WHAT TO DO:
Once you have read the data below, print all of it exactly.

DATASET CONTENT:
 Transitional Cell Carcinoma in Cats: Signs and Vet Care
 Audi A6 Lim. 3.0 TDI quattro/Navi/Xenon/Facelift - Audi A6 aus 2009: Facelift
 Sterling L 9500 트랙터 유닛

SOLUTION FOR THIS PROBLEM:
 Transitional Cell Carcinoma in Cats: Signs and Vet Care
 Audi A6 Lim. 3.0 TDI quattro/Navi/Xenon/Facelift - Audi A6 aus 2009: Facelift
 Sterling L 9500 트랙터 유닛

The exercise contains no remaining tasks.